**About this task:** For this exercise, copy exactly the lines below from the one with "Download file gốc" through the one with "Now Foods 5-HTP 200 Mg 120 Capsules 1" and leave out the pictures.

**Supplied entries:**
-*-*-
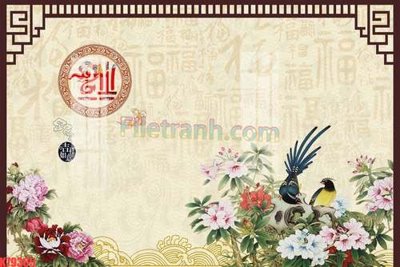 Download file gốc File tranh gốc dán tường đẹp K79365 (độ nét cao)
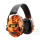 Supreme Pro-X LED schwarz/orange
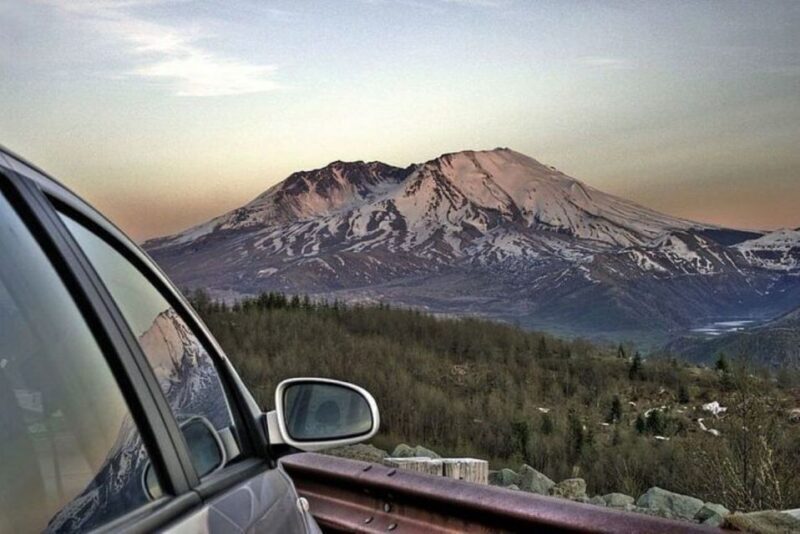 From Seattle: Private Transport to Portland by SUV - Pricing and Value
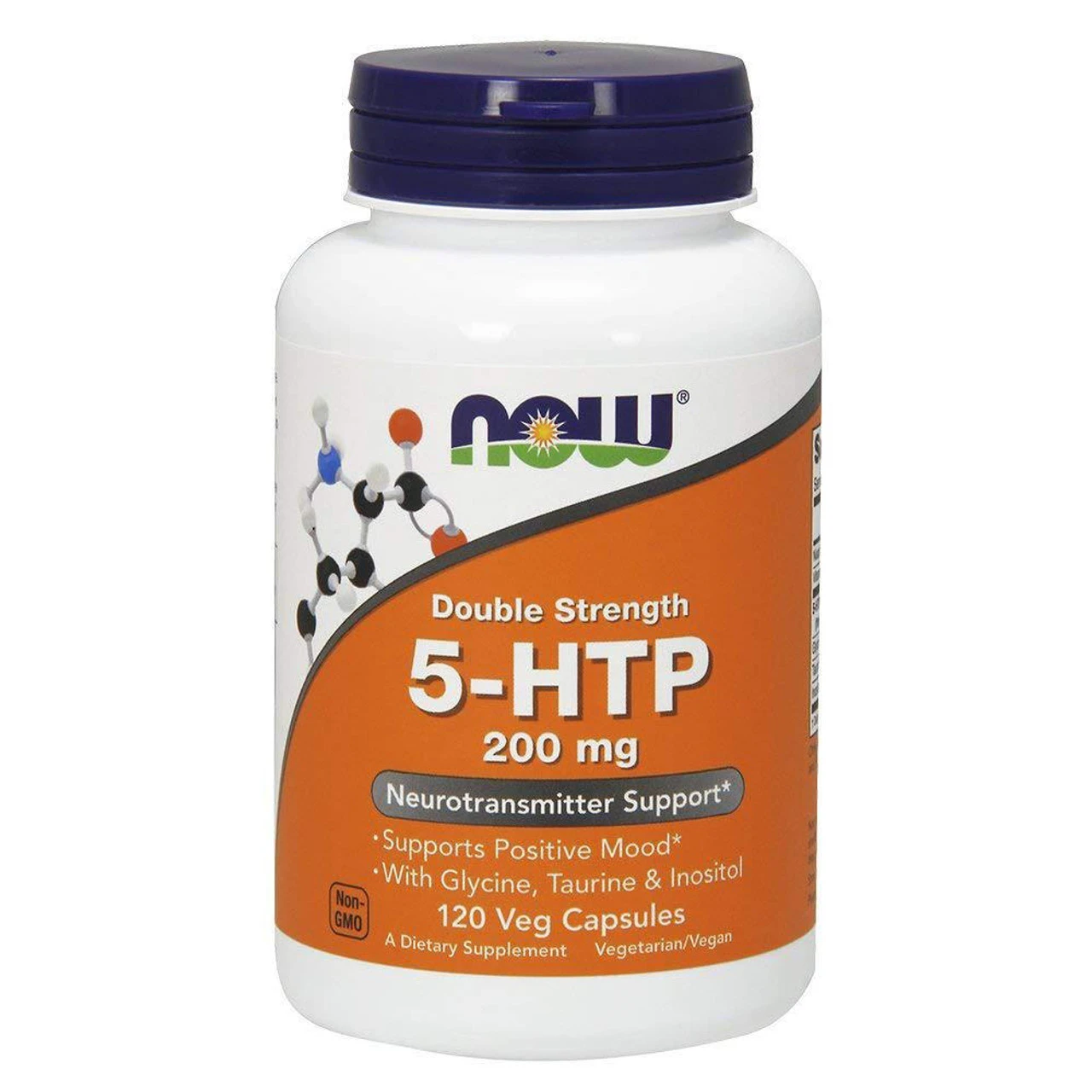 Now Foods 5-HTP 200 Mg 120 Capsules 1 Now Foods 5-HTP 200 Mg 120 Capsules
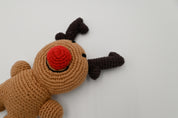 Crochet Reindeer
-*-*-
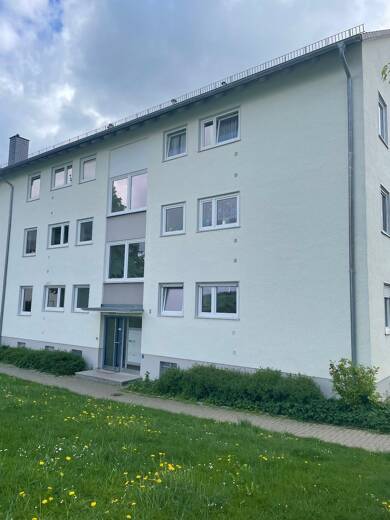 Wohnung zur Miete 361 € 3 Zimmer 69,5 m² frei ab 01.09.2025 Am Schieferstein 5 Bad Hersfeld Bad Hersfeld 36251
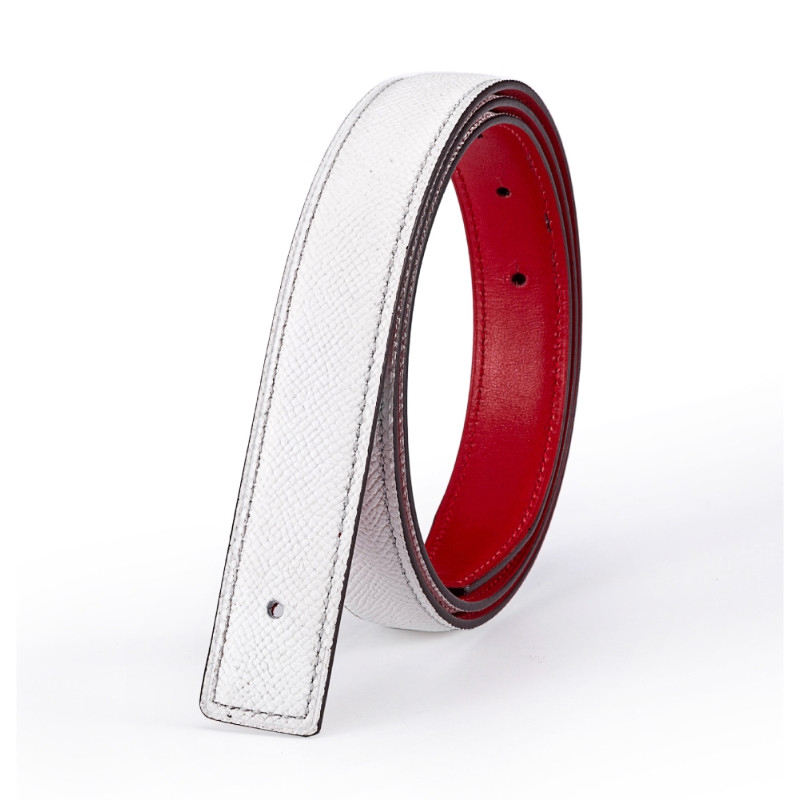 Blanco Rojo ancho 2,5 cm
-*-*-
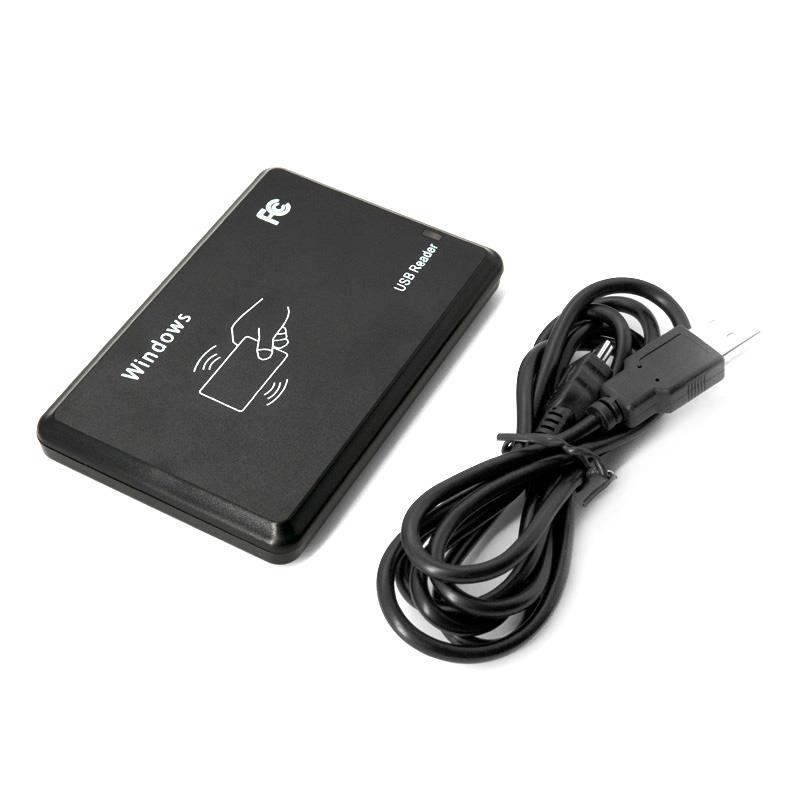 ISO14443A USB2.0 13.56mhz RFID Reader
-*-*-
**Problem solution:**
 Download file gốc File tranh gốc dán tường đẹp K79365 (độ nét cao)
 Supreme Pro-X LED schwarz/orange
 From Seattle: Private Transport to Portland by SUV - Pricing and Value
 Now Foods 5-HTP 200 Mg 120 Capsules 1 Now Foods 5-HTP 200 Mg 120 Capsules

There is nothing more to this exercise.